There's a 9 repeating 6 times in there which I'd think is a pretty rare occurrence in pi. I wonder what the longest occurrence of a repeating digit is.

[–] [email protected] 23 points 10 months ago* (last edited 10 months ago) (1 children)

Pi is infinite so every combination/string of numbers is in there, if we calculated enough you could find a billion 2s next to each other

You can look through the first trillion here

https://archive.org/details/pi_dec_1t

Though it’s a bunch of downloading

[–] [email protected] 15 points 10 months ago (2 children)

Not necessarily. It could just become a series of 1's repeating forever. Nothing would require it to contain all strings of numbers.

[–] [email protected] 6 points 10 months ago

It could just become a series of 1’s repeating forever

If that happens in a number, then it is rational. Pi is not rational, so that will never happen in pi.

[–] [email protected] 2 points 10 months ago (2 children)

The point of pi is that it’s non-repeating

[–] [email protected] 26 points 10 months ago (1 children)

Take a look at 0.101001000100001... This number is also non-repeating, but obviously doesn't contain all numbers with finite digits.

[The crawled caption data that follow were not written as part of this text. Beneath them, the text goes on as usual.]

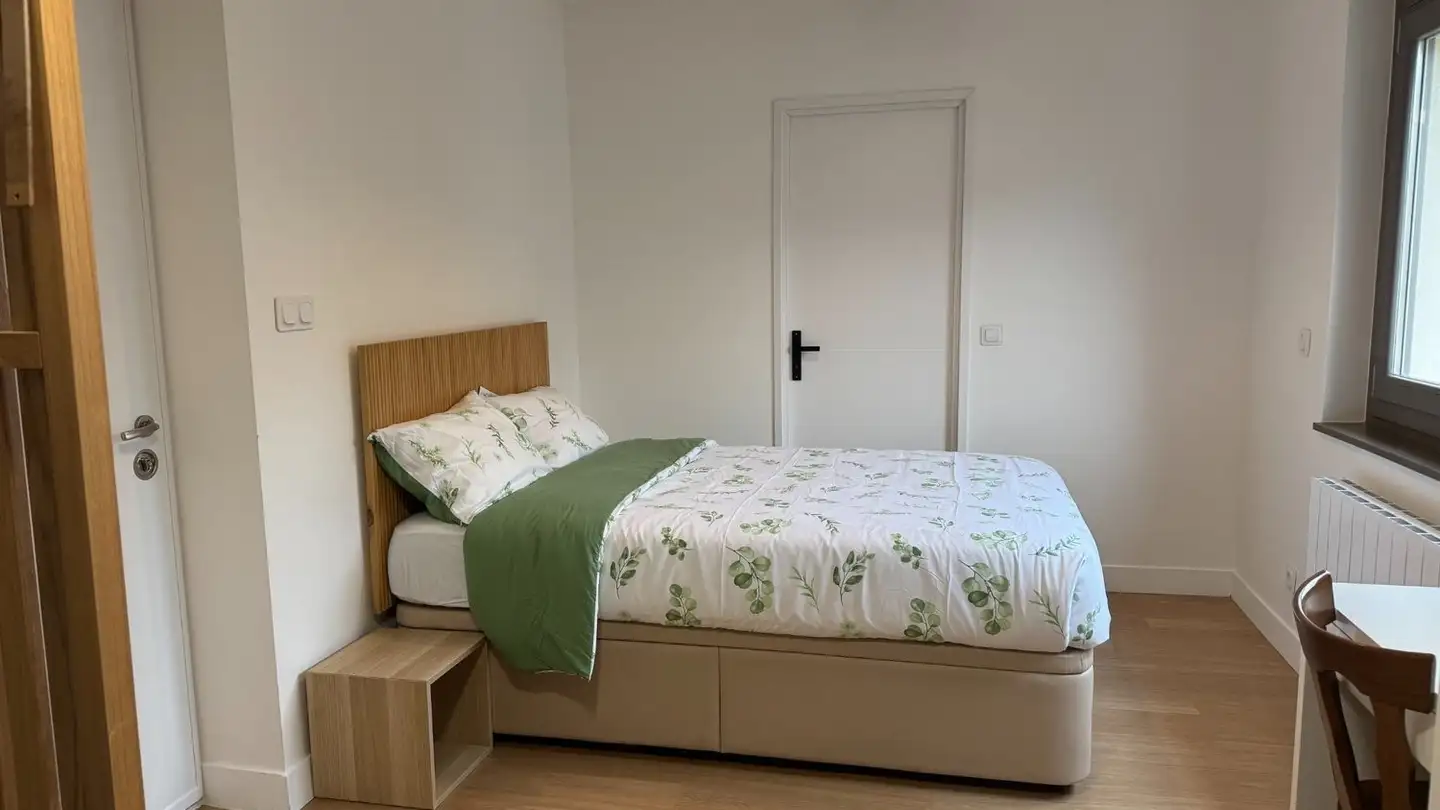 Zimmer mieten - 1268 Burtigny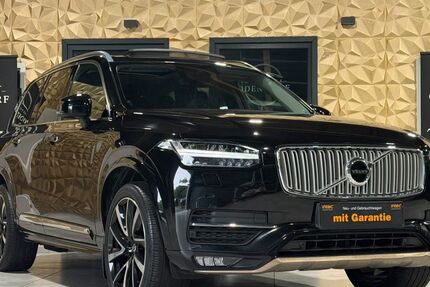 Volvo XC90 134.285 km 31.999 &euro; Swisttal 53913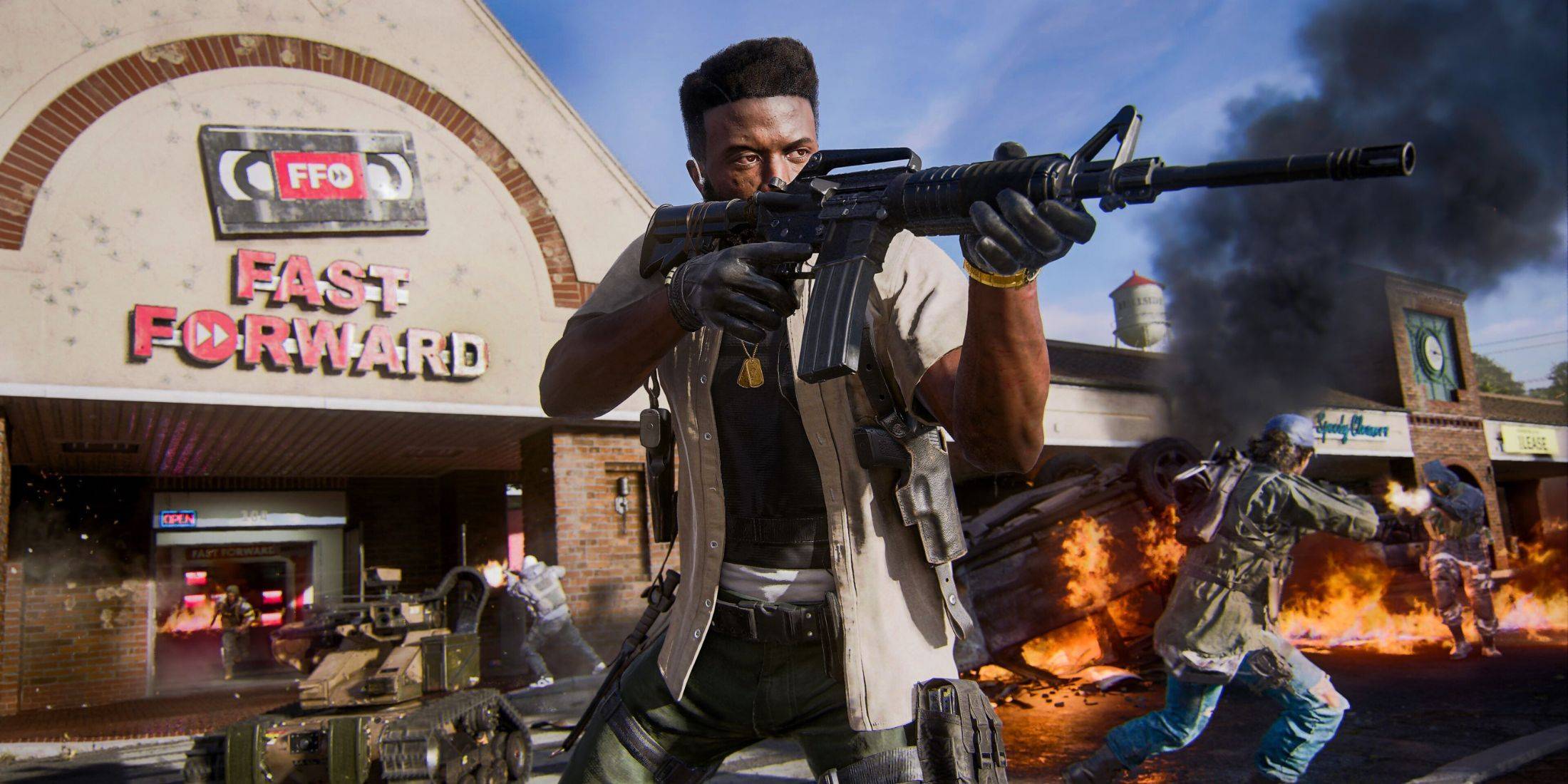 ဆက်တိုက် ဟက်ကင်းလုပ်ခြင်းအတွက် Call of Duty Tweet တွင် ဒေါသဖြစ်ခြင်း။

The property you're looking for is called to be a normal number. Pi is assumed to be one, but it hasn't yet been proven.

However, in a sense this is an unremarkable property as almost all real numbers are normal. :)

[–] [email protected] -2 points 10 months ago

but obviously doesn’t contain all numbers with finite digits.

I was just claiming possibility because we haven’t calculated the infinite string

[–] [email protected] 4 points 10 months ago* (last edited 10 months ago) (1 children)

At work at the moment so can't go deep into it. But I think you misunderstand what non repeating numbers mean. Of course there are repeating numbers within pi which is fine, the issue would be if ALL the digits were to simply cycle over and repeat themselves. If however there are a few trillion digits then a series of 1's and 0's for ever, pi is still non repeating

[–] [email protected] -1 points 10 months ago (1 children)

Did you read what I responded to?

It could just become a series of 1’s repeating forever.

[–] [email protected] 4 points 10 months ago (1 children)

I did read it, I also wrote it. Wasn't trying to put you down or anything just sharing a bit of knowledge I found interesting. I know many people (my self included at one point) assumed pi would have to include everything when that just isn't true. Apologies if I did a bad job explaining it though

[–] [email protected] -1 points 10 months ago

I wasn’t clear then, it’s not that it has to

It’s that it can until calculated

[–] [email protected] 10 points 10 months ago (1 children)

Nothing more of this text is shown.